Nonlinear silicon photonics analyzed with the moment method

TL;DR

This paper applies the moment method to analyze nonlinear pulse propagation in silicon photonics, deriving analytic expressions and providing fast numerical estimates of pulse evolution considering multiphoton and free-carrier effects.

Contribution

It introduces the first application of the moment method to silicon photonics, deriving analytic formulas for free-carrier effects and comparing dominant dynamics in different waveguides.

Findings

Free-carrier blueshift depends only on pulse peak power.

Group-velocity and free-carrier dispersion dominate in photonic crystal waveguides.

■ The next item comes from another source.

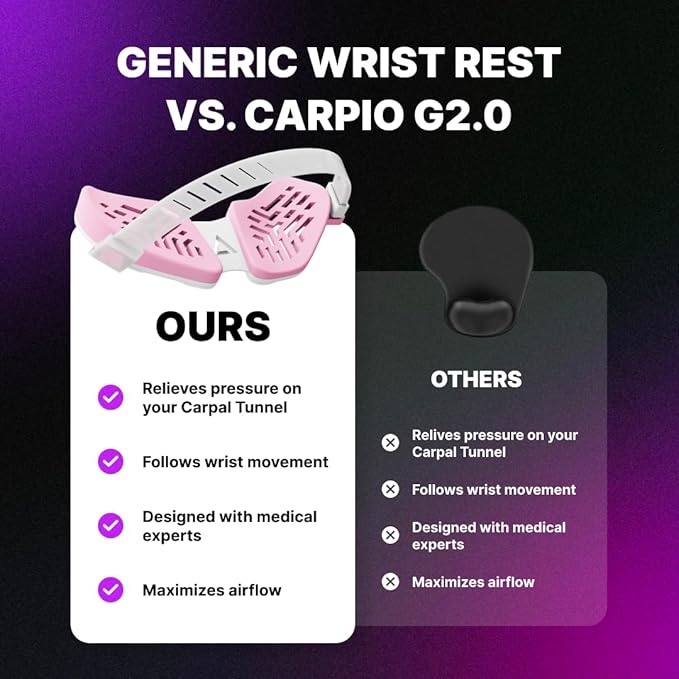 DELTAHUB Carpio G2.0 - Advanced Ergonomic Right-Handed Gaming Wrist Rest for Mouse - Superior Support for Serious Gamers - Anti-Fatigue, Smooth Glide (Small, Right, Pink)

Two-photon and free-carrier absorption dominate in silicon nanowires.

Abstract

We apply the moment method to nonlinear pulse propagation in silicon waveguides in the presence of two-photon absorption, free-carrier dispersion and free-carrier absorption. The evolution equations for pulse energy, temporal position, duration, frequency shift and chirp are obtained. We derive analytic expressions for the free-carrier induced blueshift and acceleration and show that they depend only on the pulse peak power. Importantly, these effects are independent of the temporal duration. The moment equations are then numerically solved to provide fast estimates of pulse evolution trends in silicon photonics waveguides. We find that group-velocity and free-carrier dispersion dominate the pulse dynamics in photonic crystal waveguides. In contrast, two-photon and free-carrier absorption dominate the temporal dynamics in silicon nanowires. To our knowledge, this is the first time the moment method is used to provide a concise picture of multiphoton and free-carrier effects in silicon photonics. The treatment and conclusions apply to any semiconductor waveguide dominated by two-photon absorption.